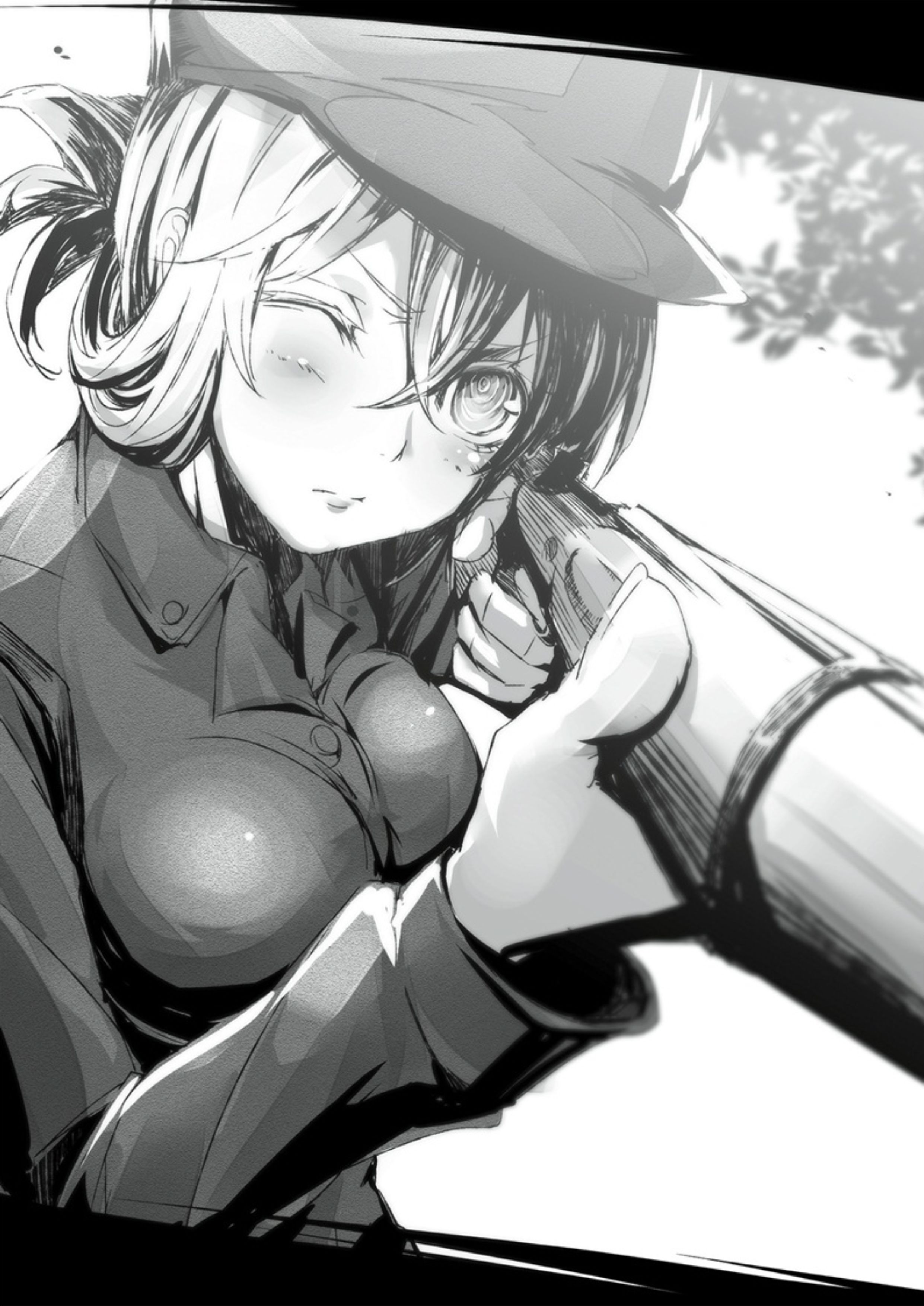 Youjo Senki V4 Illustration - Megumi Novel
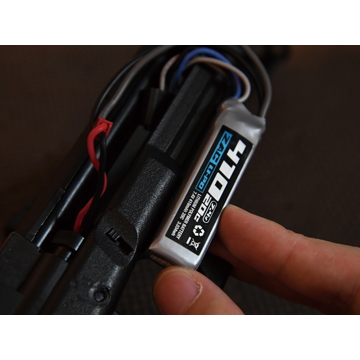 G－FORCE ZAC リポバッテリー 7.4V 1850mAh ミニS互換サイズ メール便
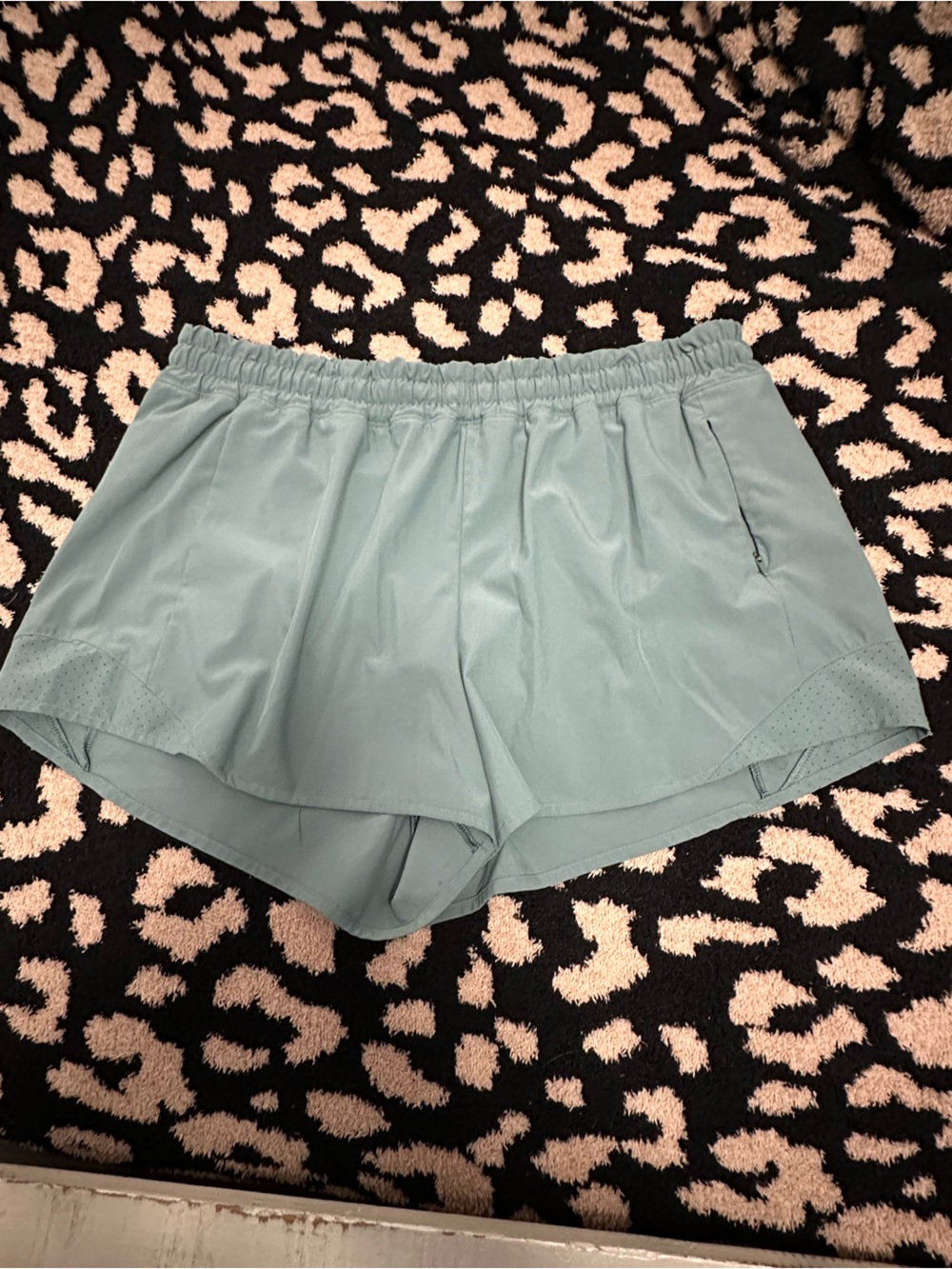 CALIA by Carrie Underwood Sage Green Athletic Shorts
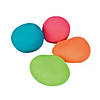 2 1/2" Pink, Orange, Blue & Green Neon Vinyl Stretch Balls - 12 Pc. Image 1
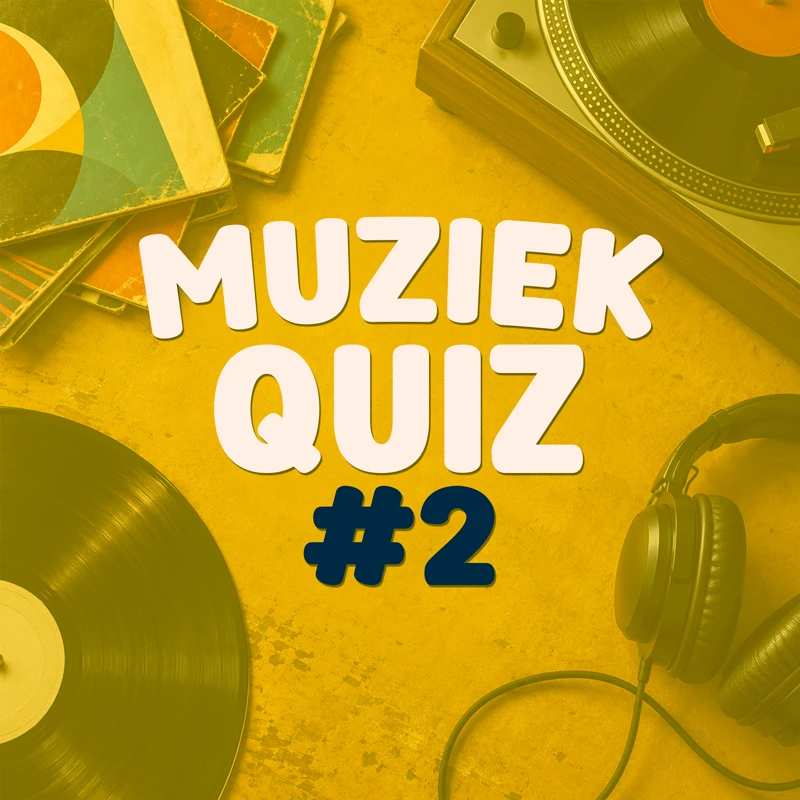 Muziekquiz #2 - kant-en-klare muziekquiz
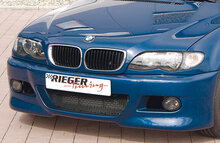 Rieger Tuning spoiler voorbumper BMW 3-serie E30 Cabrio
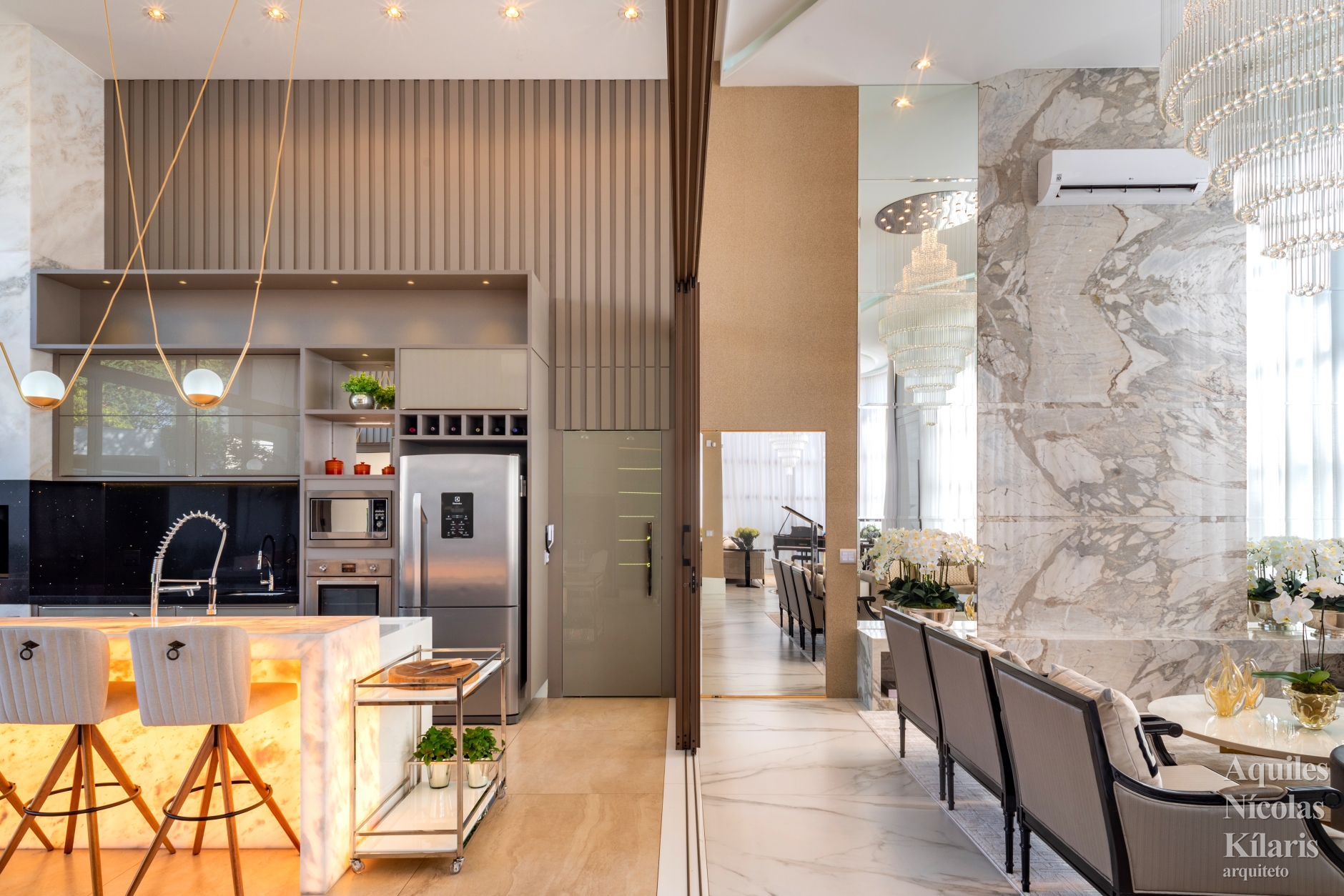 Arquiteto - Aquiles NÃ­colas KÃ­laris - Residential Projects - Margutti House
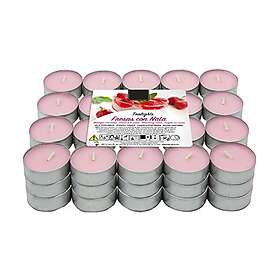 Hansells Jordgubb med Grädde Värmeljus 60pcs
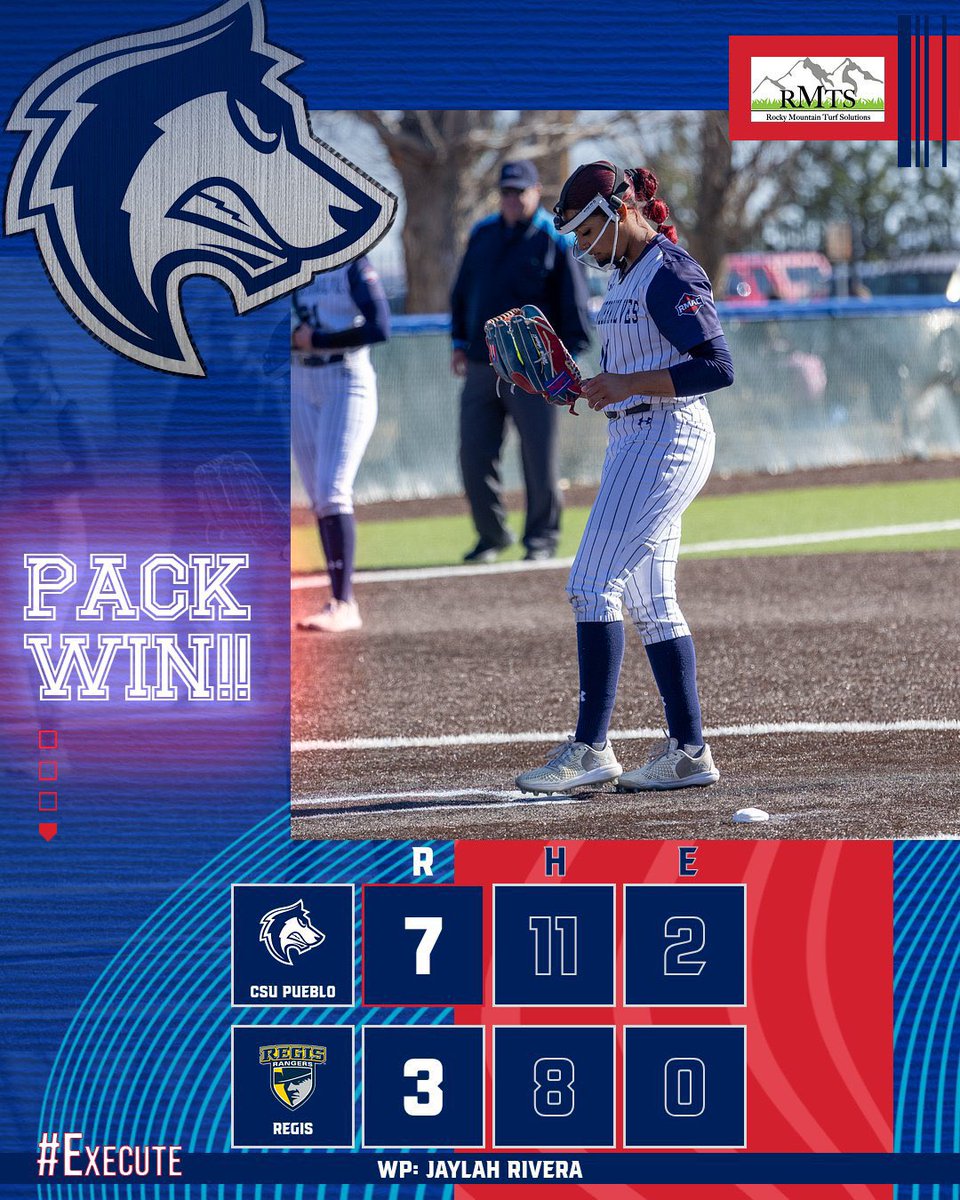 CSU-Pueblo Softball tweet media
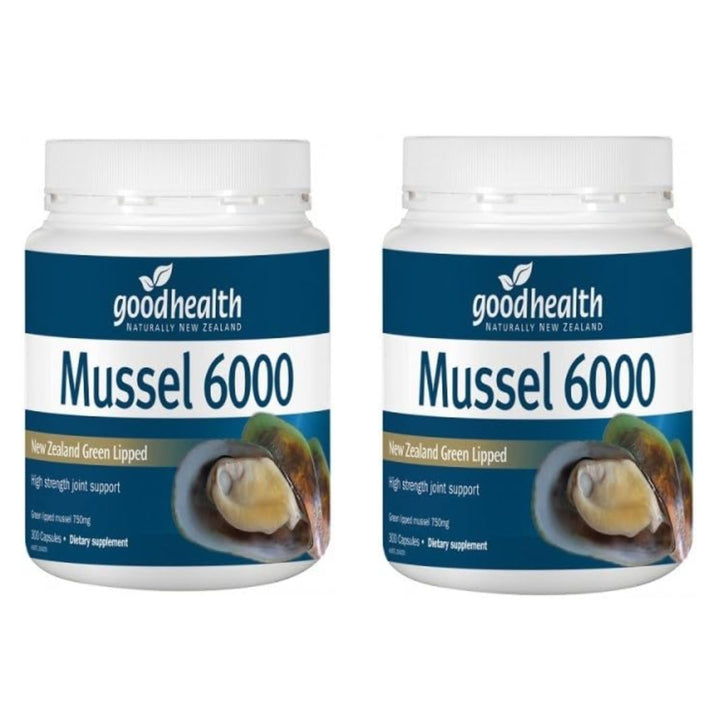 Good Health Mussel 6000mg 300 Capsules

▸ TASK GOAL:
A verbatim copy of all the records, minus the pictures, is the expected answer.

▸ OUTPUT:
 Youjo Senki V4 Illustration - Megumi Novel
 G－FORCE ZAC リポバッテリー 7.4V 1850mAh ミニS互換サイズ メール便
 CALIA by Carrie Underwood Sage Green Athletic Shorts
 2 1/2" Pink, Orange, Blue & Green Neon Vinyl Stretch Balls - 12 Pc. Image 1
 Muziekquiz #2 - kant-en-klare muziekquiz
 Rieger Tuning spoiler voorbumper BMW 3-serie E30 Cabrio
 Arquiteto - Aquiles NÃ­colas KÃ­laris - Residential Projects - Margutti House
 Hansells Jordgubb med Grädde Värmeljus 60pcs
 CSU-Pueblo Softball tweet media
 Good Health Mussel 6000mg 300 Capsules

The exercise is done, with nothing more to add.